For custom GGUF files:
[providers.local]
model = "my-custom-model"
model_path = "/path/to/model.gguf"
Model Storage
Downloaded models are cached in ~/.cache/moltis/models/ by default. This
directory can grow large (several GB per model).
To change the cache location:
[providers.local]
cache_dir = "/custom/models/path"
HuggingFace Integration
You can search and download models directly from HuggingFace:
- In the Add Provider dialog, click “Search HuggingFace”
- Enter a search term (e.g., “qwen coder”)
- Select GGUF or MLX backend
- Choose a model from the results
- The model will be downloaded on first use
Finding GGUF Models
Look for repositories with “GGUF” in the name on HuggingFace:
- TheBloke — large collection of quantized models
- bartowski — Llama 3.x GGUF models
- Qwen — official Qwen GGUF models
Finding MLX Models
MLX models are available from mlx-community:
- Pre-converted models optimized for Apple Silicon
- Look for models ending in
-4bitor-8bitfor quantized versions
GPU Acceleration
Metal (macOS)
Metal acceleration is enabled by default on macOS. The number of GPU layers can be configured:
[providers.local]
gpu_layers = 99 # Offload all layers to GPU
CUDA (NVIDIA)
Requires building with the local-llm-cuda feature:
cargo build --release --features local-llm-cuda
Limitations
Local LLM models have some limitations compared to cloud providers:
-
No tool calling — Local models don’t support function/tool calling. When using a local model, features like file operations, shell commands, and memory search are disabled.
-
Slower inference — Depending on your hardware, local inference may be significantly slower than cloud APIs.
-
Quality varies — Smaller quantized models may produce lower quality responses than larger cloud models.
-
Context window — Local models typically have smaller context windows (8K-32K tokens vs 128K+ for cloud models).
Chat Templates
Different model families use different chat formatting. Moltis automatically detects the correct template for registered models:
- ChatML — Qwen, many instruction-tuned models
- Llama 3 — Meta’s Llama 3.x family
- DeepSeek — DeepSeek Coder models
For custom models, the template is auto-detected from the model metadata when possible.
Troubleshooting
Model fails to load
- Check you have enough RAM (see memory tier table above)

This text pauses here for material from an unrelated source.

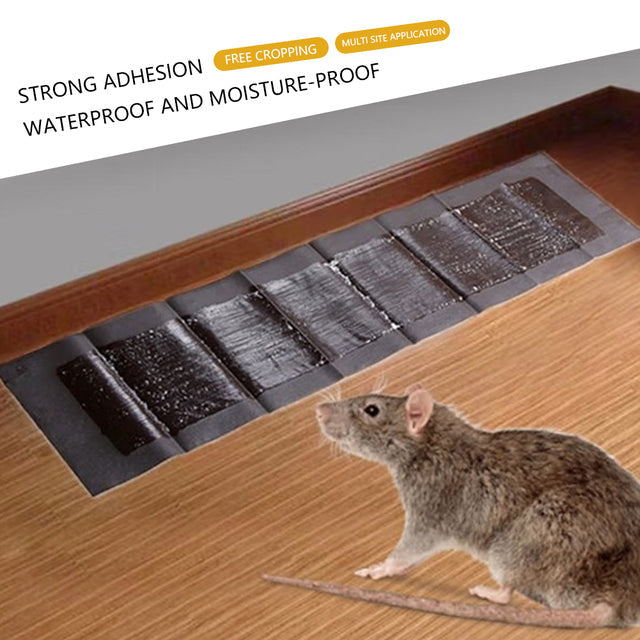 Extra Large Sticky Rodent Pads with Strong Adhesive Grip, 5 Pack All Vera Mart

- Verify the GGUF file isn’t corrupted (re-download if needed)
- Ensure the model file matches the expected architecture
Slow inference
- Enable GPU acceleration (Metal on macOS, CUDA on Linux)

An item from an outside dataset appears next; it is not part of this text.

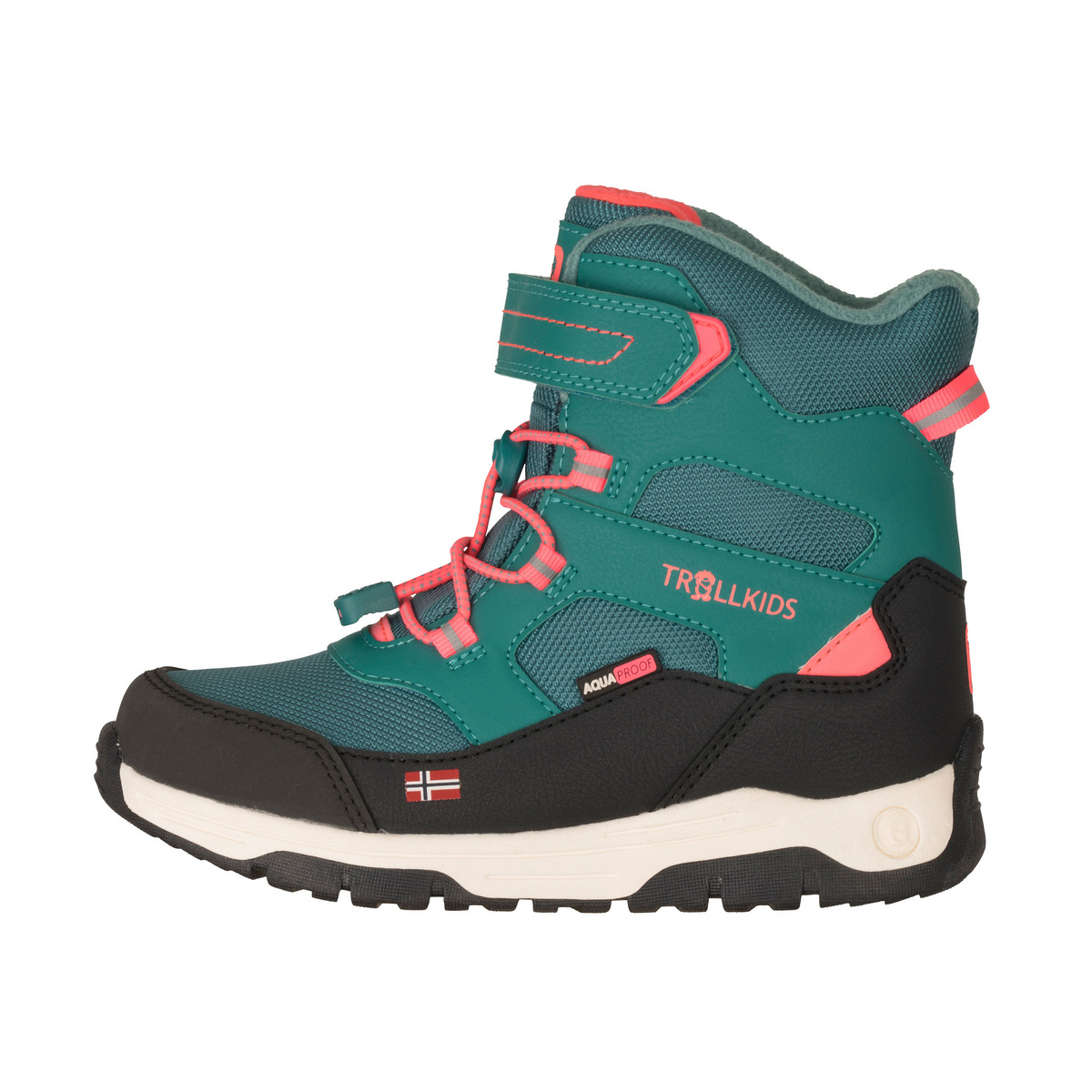 Trollkids Kinder Lofoten Winter Pro Schuhe (Größe 35, tuerkis)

- Try a smaller/more quantized model
- Reduce context size in config
Out of memory
- Choose a model from a lower memory tier
- Close other applications to free RAM
- Use a more aggressively quantized model (Q4_K_M vs Q8_0)
Feature Flag
Local LLM support requires the local-llm feature flag at compile time:
cargo build --release --features local-llm
This is enabled by default in release builds.